Courses at the gym start from age 4, but it is also possible to try out the experience on real cliffs with a teacher or an alpine guide. Because climbing is something to experience in the open air, side by side with those who are more or less expert. Unlike other sports, a day on the cliffs brings together champions and beginners, because there are many possible routes up a rock face, from difficulty level 3 - the easiest - up to 8 for the most expert, and 9 for top level champions. 

Stefano Ghisolfi, world-class climber

Climbing safely

"When it comes to safety, the risk is not high if you do everything well, with caution. If you tie the knot well, and double check with your partner, the risk is almost zero. The safety of climbing is not related to your limits, but instead to a series of manoeuvres that everyone needs to know before starting to climb. Once you have done everything safely, at that point you can go higher and push your limits without any worries".  

Stefano lives on the cliffs, in all seasons, even when it is cold, because it is in the winter that champion climbers grip best. "I am relatively rational, I try to plan everything, spy out a route from the bottom, prepare all my movements, and understand before starting what I am going to do. But there is also a significant element of unpredictability, improvisation. I try to understand everything from the bottom, but then maybe while I am climbing I have to completely change my plans and improvise, because you can't stay hanging on for hours, or even minutes; it's a matter of seconds, sometimes even less".  

Seeing the line

The world of climbing is made up of bolters and climbers. The majority of bolters are also excellent climbers, but not vice versa. The passion of bolters runs in parallel to climbing. A demanding job, which is also a form of altruism and humility. Because when a bolter sees a possible line, from the ground or while on the rock face, he is working for the community, even if he knows that he will never climb it. He bolts the route so that someone else can take it on. Bolting is an art form. And then, when the bolter assigns a category to a route that he has just put up, he needs a climber to confirm it by completing it. There is no official certification of difficulty levels. It is the community that declares the level. And the more difficult the route, the fewer climbers are able to finish it, and therefore share the work.  


Climbing life 

You experience the cliffs in company. "With a less-experienced partner, or one who has never climbed before, my favourite place is the Belvedere a Nago. There is a bit of everything there: really easy rock faces that look out over the lake and capture all the beauty of climbing in the Garda area. Instead, for those who are more expert, my favourite places are the Falesia di Padaro or the Falesia del Bus de la Stria". 

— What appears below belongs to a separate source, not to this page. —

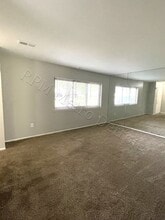 23560 Lahser Rd in Southfield, MI - Building Photo - Building Photo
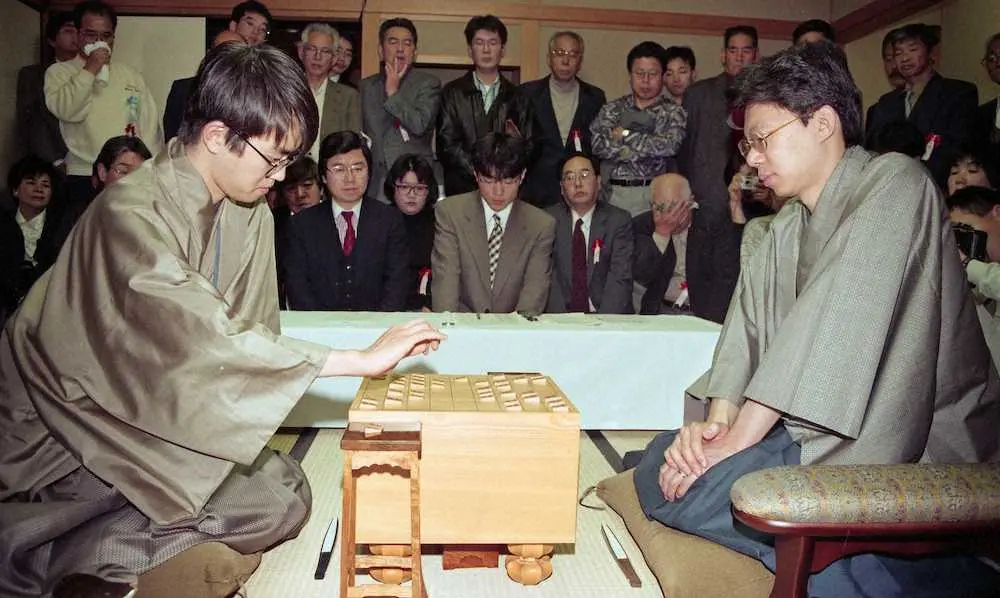 【画像・写真】谷川九段　王将戦を読む、連敗の渡辺王将へ“エール”送る　一局集中を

Climbing is training for life. "I face everything as if it were a climbing route. I have learned to break down my goals, addressing one part at a time and managing things that seem insurmountable at the beginning. You just need to give yourself intermediate goals, take small steps, and gradually you will start to see the finish line".  


Stefano Ghisolfi, world-class climber

Climbing the rocks

Stefano Ghisolfi was the first and only climber in the world to complete Excalibur, a short 9b+ line, marked on a smooth rock face with a 40° overhang in Drena, in the realm of the Arco cliffs. An impossible, tactical, technical route seemingly with no footholds. A project that took months, involving three of the strongest climbers in the world. Along with Stefano, these were Adam Ondra and Jakob Schubert.